### EXERCISE OBJECTIVE
Only the lines below between the ones containing "Marco de madera" and "Genesis GV70, 2025 все фото", inclusive, are to be reproduced, each exactly as it stands.

### GIVEN DATA

= Beginning of Section =

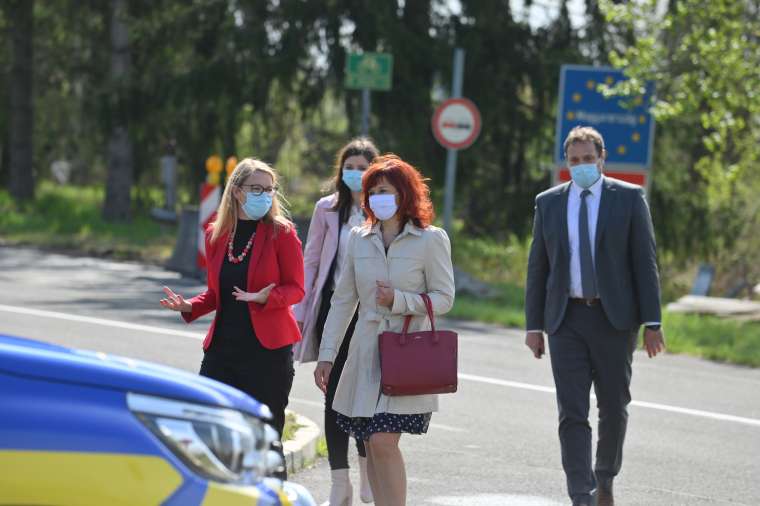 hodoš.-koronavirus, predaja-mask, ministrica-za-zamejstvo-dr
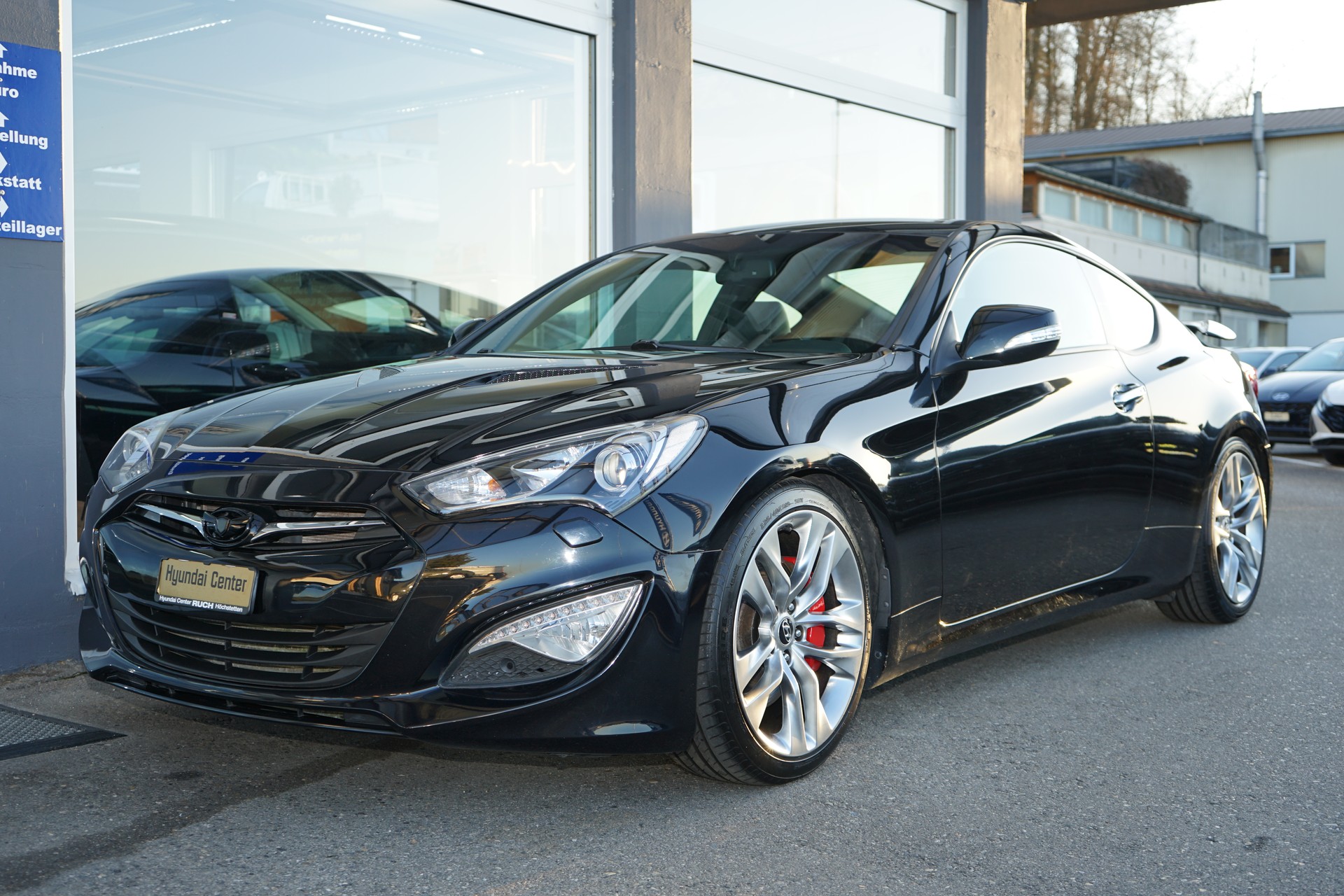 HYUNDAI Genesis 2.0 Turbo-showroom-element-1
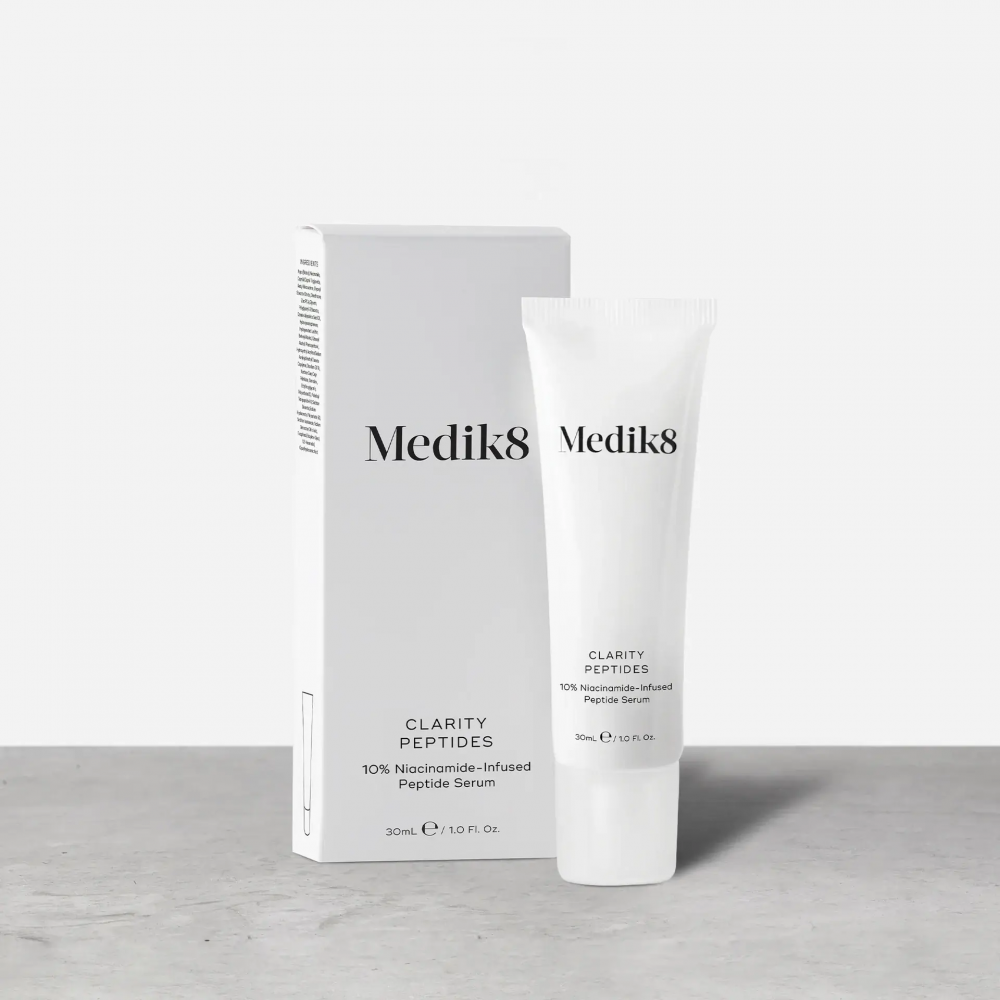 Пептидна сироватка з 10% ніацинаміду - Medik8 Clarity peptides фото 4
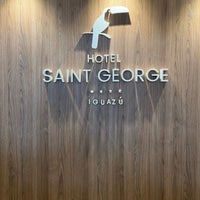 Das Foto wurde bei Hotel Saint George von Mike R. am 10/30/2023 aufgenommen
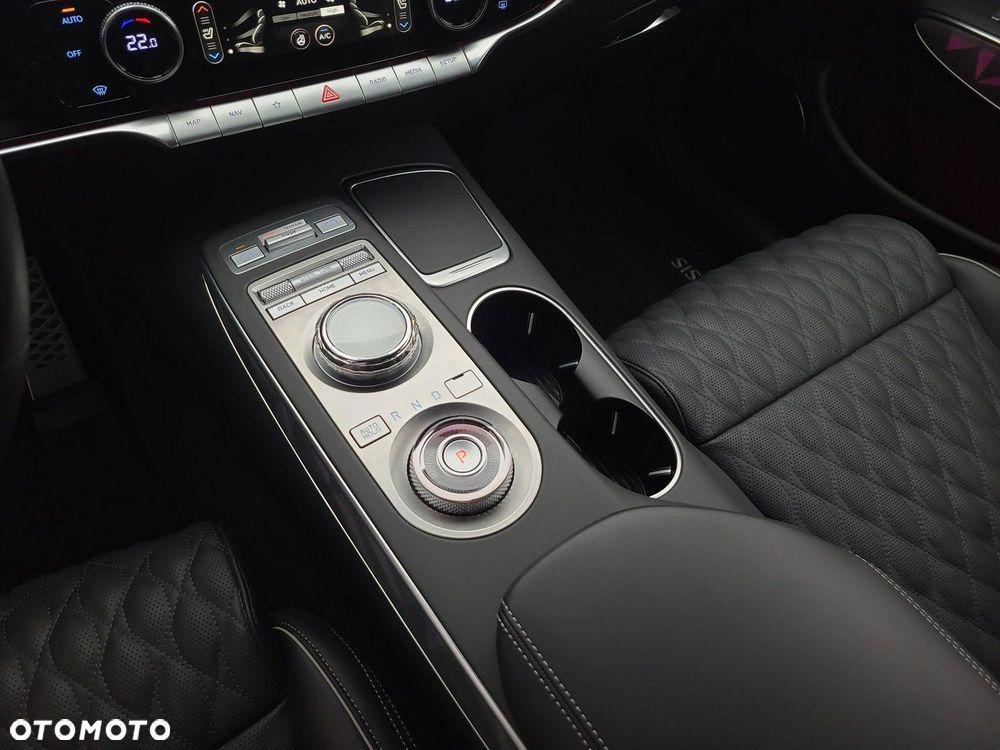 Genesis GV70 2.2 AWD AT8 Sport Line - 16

= End of Section =
= Beginning of Section =

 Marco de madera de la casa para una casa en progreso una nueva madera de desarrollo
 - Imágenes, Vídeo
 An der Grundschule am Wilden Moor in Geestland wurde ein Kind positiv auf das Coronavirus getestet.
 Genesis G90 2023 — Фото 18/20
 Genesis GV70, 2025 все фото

= End of Section =

### SOLUTION TO THIS PROBLEM
 Marco de madera de la casa para una casa en progreso una nueva madera de desarrollo
 - Imágenes, Vídeo
 An der Grundschule am Wilden Moor in Geestland wurde ein Kind positiv auf das Coronavirus getestet.
 Genesis G90 2023 — Фото 18/20
 Genesis GV70, 2025 все фото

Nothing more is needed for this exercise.